「空色勾玉」 本 2007年09月06日 荻原規子/徳間書店狭也の幸せな日々に、影を落とすのは昔の記憶。『おまえは「闇」の氏族の巫女姫だ』と告げられて、憧れの「輝」の宮に救いを求める狭也。宮の神殿での稚羽矢との出会いが、狭也の運命を大きく変えていく。「西の善き魔女」がとても良かったので、いつか他の作品も読みたいなーと思っていたのです。こちらは「勾玉シリーズ」の1作目。和風テイスト。意外に世界観や言葉の概念が難しく、児童書にカテゴライズしていいのかしらん、と思いましたよ。いや、最近の子は賢いからきっと大丈夫か。漢字とか読めちゃうか。

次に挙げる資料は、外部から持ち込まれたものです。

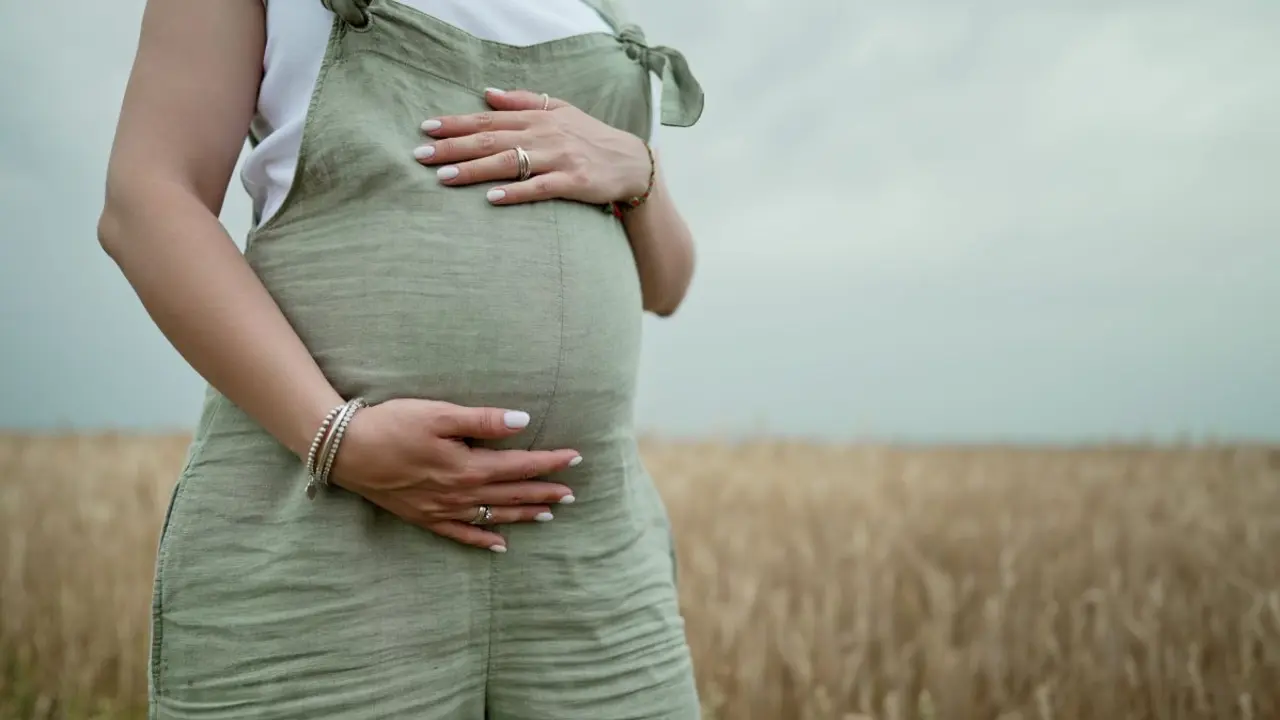 Mujer embarazada | Foto de 123RF/kohanova
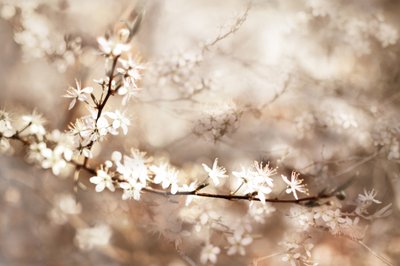 Dreamy White Blossoms by Christina Sillen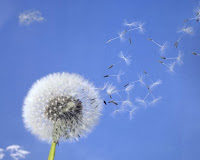 Άγιος Νικόλαος Βελιμίροβιτς : Να είμαστε ”κατάσκοποι”… των δικών μας αμαρτιών….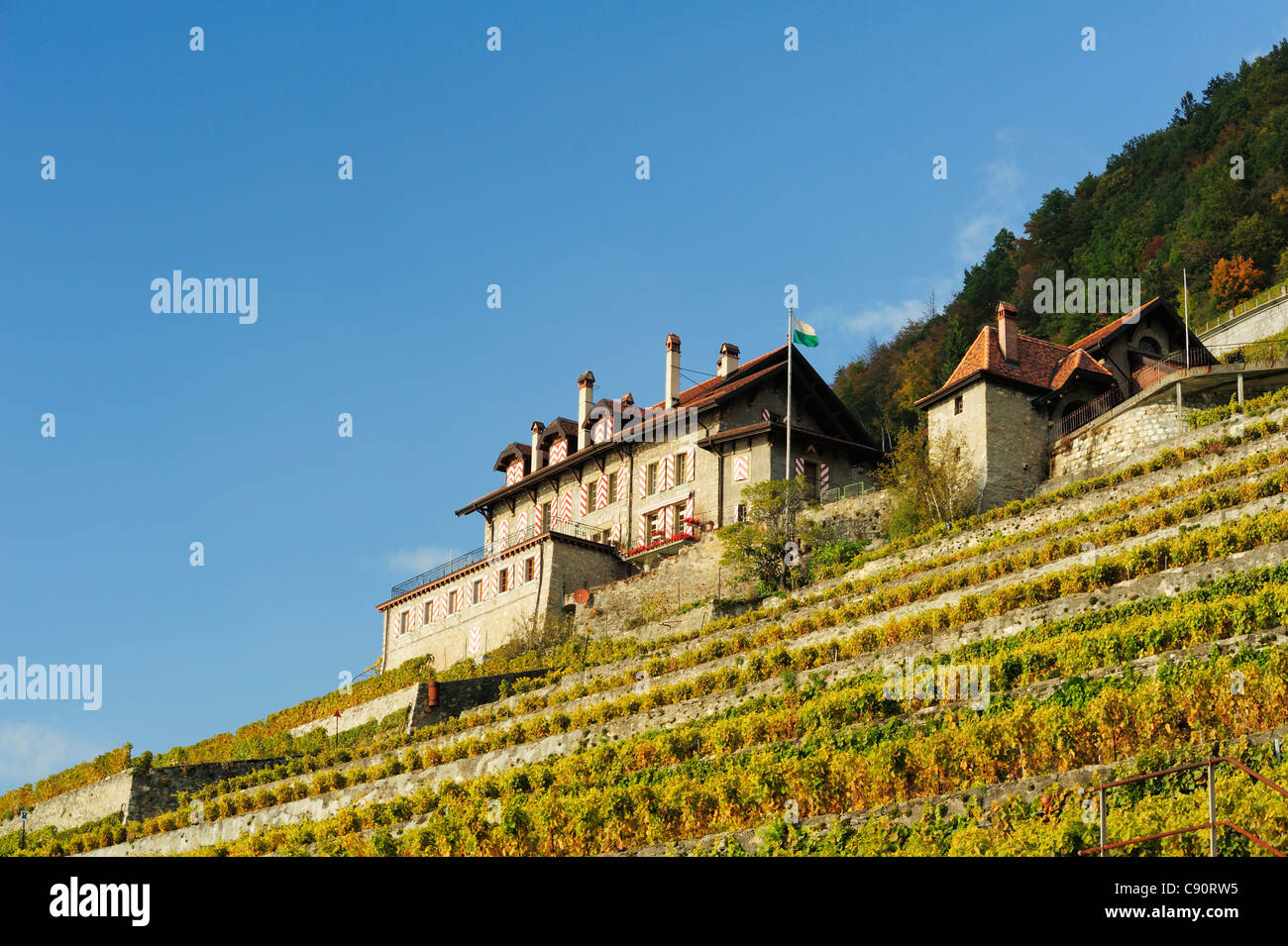 Farm house in vineyard, lake Geneva, Lavaux Vineyard Terraces, UNESCO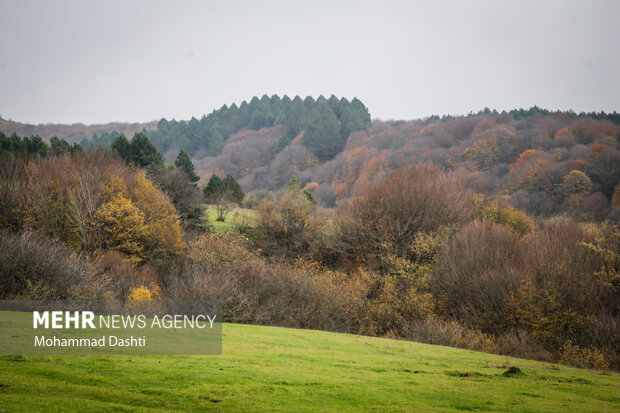 پاییز در جنگل فندقلو نمین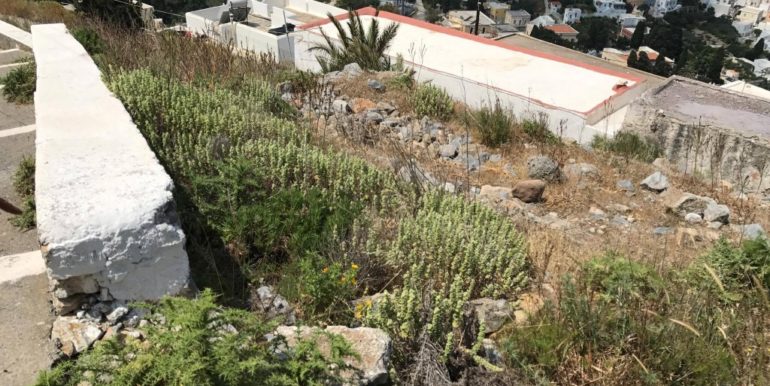 18676341_10212779712718089_1463524441_o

「西の~」でも好きだった、淡い恋心の描写。うーん、狭也に思いを寄せる彼が良かったなあ(良かったわりには名前を忘れた)。花を贈ったりして、キュンとさせられました。いやー、シンデレラストーリーに弱いって、自分は年を取っても乙女なのね、と思わせてくれました。後半には色々と悲しい展開があり、想像していたよりも波乱を含んでいました。主人公がちょこまかと動くので、話に動きがあって飽きることは無いと思います。古代の日本神話を下敷きにしているので、そのあたりが好きな人は入りやすいかも。デビュー作とは思えないクオリティ。ファンタジー好きな人はぜひぜひ。 PR
「アナザーホリック ランドルト環エアロゾル」 本 2007年09月06日 西尾維新/講談社それは<必然(ヒツゼン)>の奇跡(コラボレーション)!西尾維新が挑む、小説版『xxxHOLiC』。こちらは、「デスノート」の時と違って漫画の方が未読なのです~。なので、まず世界観についていくのが大変だったかなあ。登場人物を掴めているか、いないか、で入り方はだいぶ違うと思います。願いが叶うだの、あやかしの見える目だの、予備知識はあったほうがいいですね。ミステリー的要素を含みつつ、人間のエゴイズムな部分に切り込むテーマは、私好みです。ただ、先が見えちゃう単純さが残念。あと、最後の伏せ字(ピー文字?笑。)攻めには閉口しました。なんだよー、隠されると気になっちゃうんだよー。四月一日と侑子さんのキャラクターは、正直好きにはなれなかったのですが、雰囲気はとても良かったので、今度マンガを読んでみようかな。という気分にはなりました。西尾さんの作品に限りなく近い味付け。登場人物の性格や語り方が・・・。うーん、原作を知らないからなー。もしかしたら、原作と西尾さんの作風が似ているという説もありえますよね。もはやどっちでもいいか。蛇足。「四月一日」がどうしても一発で読めず、「しが・・・、違う、わたぬき・・・」といちいち脳内変換をするのがめんどくさかったです。もー、「しがつついたち」でいーじゃん・・・。で、なぜ「四月一日」を「わたぬき」と読むのかと言いますと・・・、気になるアナタは検索をかけてみましょう。いやー、インターネットって考える力を失わせていくなあ。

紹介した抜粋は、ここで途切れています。